PROBLEM TO SOLVE: Among the entries below, only the lines starting at the one with "Marvel Legends Japanese" and ending at the one with "小说免费听,小说丁二狗的肆意人生", both included, are to be printed exactly.

Short web captions:
━━━━━━━━

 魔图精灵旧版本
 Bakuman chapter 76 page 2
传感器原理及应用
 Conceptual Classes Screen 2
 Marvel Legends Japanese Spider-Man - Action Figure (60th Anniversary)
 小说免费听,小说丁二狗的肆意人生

━━━━━━━━

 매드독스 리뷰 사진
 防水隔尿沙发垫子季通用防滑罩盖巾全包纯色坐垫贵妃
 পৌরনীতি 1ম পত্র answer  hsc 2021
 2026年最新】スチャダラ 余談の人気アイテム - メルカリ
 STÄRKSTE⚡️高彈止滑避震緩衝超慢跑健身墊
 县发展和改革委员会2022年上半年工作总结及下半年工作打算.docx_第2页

━━━━━━━━

YOUR RESPONSE:
 Marvel Legends Japanese Spider-Man - Action Figure (60th Anniversary)
 小说免费听,小说丁二狗的肆意人生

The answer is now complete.